Immagino le mie parole e tutto l'assieme del mio linguaggio, della mia idea di linguaggio, scorrere in un ascensore, salire e risalire, in una vecchia cabina in legno, sempre più su. E io sulle scale, a seguire l'ascensore con tutto l'assieme del mio linguaggio, col fiatone.
Il palazzo è antico e ha molti piani. Ogni tanto tremano le luci nella vecchia cabina vacillante, tutta in legno, dove il mio linguaggio sale: la luce tremola, a volte manca, poi ritorna, ma non sulle scale. Il mio percorso è limpido e luminoso, è dentro l'ascensore che lampeggia un guasto, che rende tutto molto confuso e molto incerto.
Quando l'illuminazione nella cabina in legno dell'ascensore si fa appena più stabile, solo allora, dopo il contrasto con quegli istanti di buio, riesco a cogliere gli aspetti delle figure che vi sono dentro, di quel certo assieme che sale dentro il vecchio ascensore. Sono figure diverse e mutanti. Alcune donne, vestite in nero, dai lunghi cappelli rossi, inclinati, che coprono i visi o li rendono fitti di ombre negli angoli bassi, donne dalle gambe attraenti e velate di scuro; ma anche uomini con cappelli d'epoca, o ragazzi che fumano di nascosto, un filo di sangue dal naso dopo una rissa. Una coppia di suore francesi, le loro cornette che fanno ombra, lo sguardo scuro. Una camiciaia, una vecchia cieca, una cassiera discinta, un giocatore di hockey, una bambola che cammina da sola sbattendo gli occhi. Le figure si alternano e si trasformano e si fondono l'una nell'altra e intanto si sta salendo sempre più su. I miei occhi non vedono i gradini ma le figure nebbiose nell'ascensore.
Prima o poi si fermerà, mi dico mentre salgo: anche se all'ultimo piano, avrò modo di fermare qualcuno, di poter prenderlo o parlarci o capire. Sono quasi alla fine, l'ascensore rallenta, la lampadina trema, all'ultimo piano si ferma e si fa buio: l'abitacolo ma anche le scale. Sento un vociare, un odore di fumo, di profumi femminili, qualche sbuffo, poi il silenzio. Sono fermo allo stesso piano, ma non sento più niente. Tutto finito.

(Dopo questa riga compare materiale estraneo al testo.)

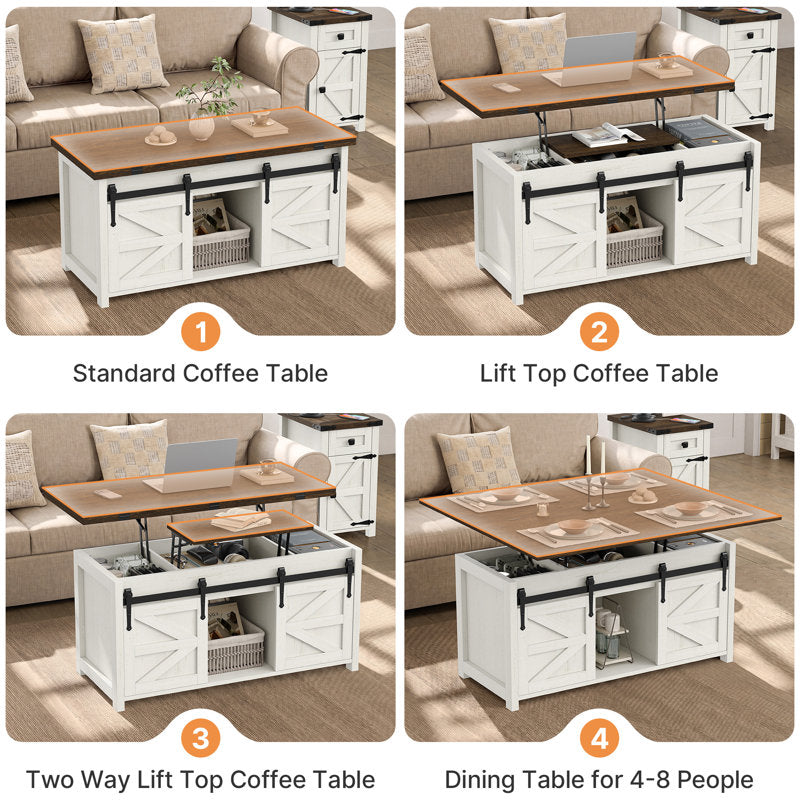 Jaquavion 4-in-1 Convertible Farmhouse Lift-Top Coffee Table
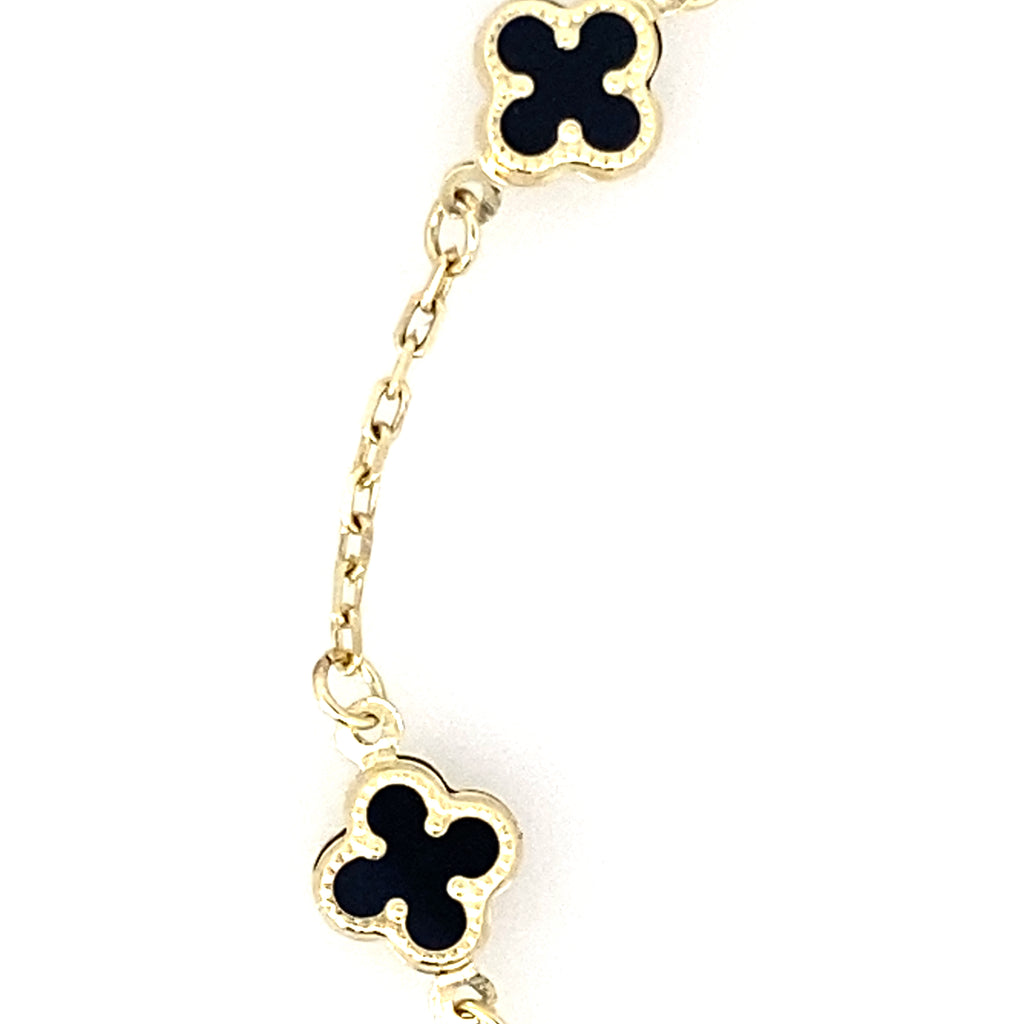 10K Yellow Gold Small Onyx Flowers Bracelet 8In 1.5Dwt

Tornata la luce l'abitacolo è vuoto, il piano disabitato così come quel palazzo. Così non mi rimane che entrare in quell'ascensore vuoto, ma ancora pieno dei profumi femminili delle donne eleganti coi cappelli, del tabacco degli uomini e riscendere da solo, con la lampadina che trema e che sbatte e una serie di figure che si formano come ombre dalle scale, che scendono e mi inseguono, forse le stesse che erano in salita poco prima, mormorando qualcosa, a volte tossendo, qualcuna in silenzio. Vorrei fermare l'ascensore e farle entrare, ma l'ascensore non risponde ai comandi. Ascolto i passi delle figure sulle scale come se venissero dal mio cuore. Una volta a terra è ancora tutto vuoto e silenzioso. Sono ancora fermo e da solo. Nel semibuio di un palazzo disabitato, appena un filo di carillon.